- **TASK GOAL**:
Could you reproduce the lines below from the one with "Three people talking in a meeting." through the one with "Een doorzichtige plastic"? Keep both ends and add nothing.

- **RECORDS PROVIDED**:
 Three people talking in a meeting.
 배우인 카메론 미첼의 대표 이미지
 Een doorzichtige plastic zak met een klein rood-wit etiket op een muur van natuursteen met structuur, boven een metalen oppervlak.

---

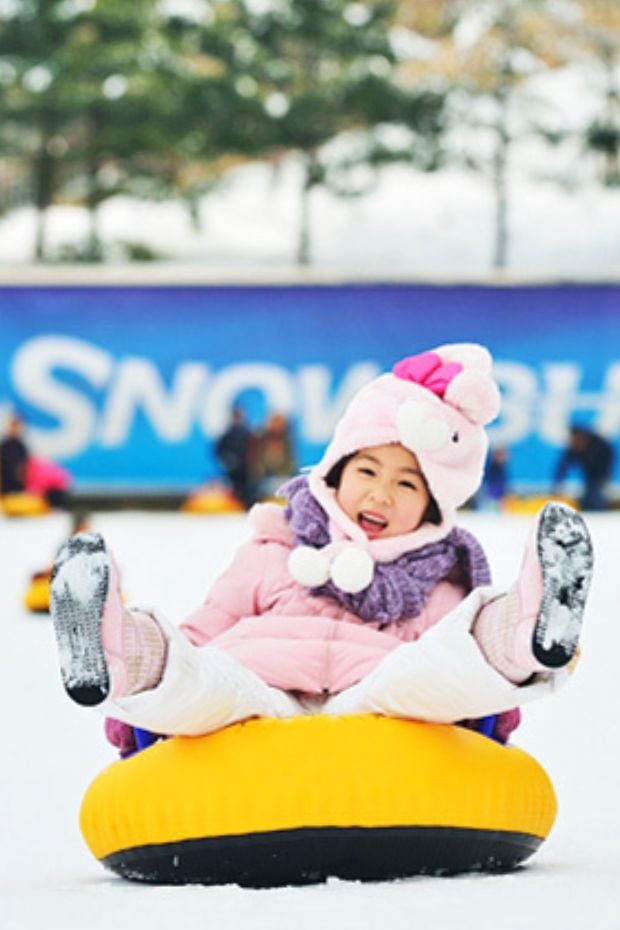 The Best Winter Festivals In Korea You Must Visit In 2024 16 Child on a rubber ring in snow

- **ANSWER SECTION**:
 Three people talking in a meeting.
 배우인 카메론 미첼의 대표 이미지
 Een doorzichtige plastic zak met een klein rood-wit etiket op een muur van natuursteen met structuur, boven een metalen oppervlak.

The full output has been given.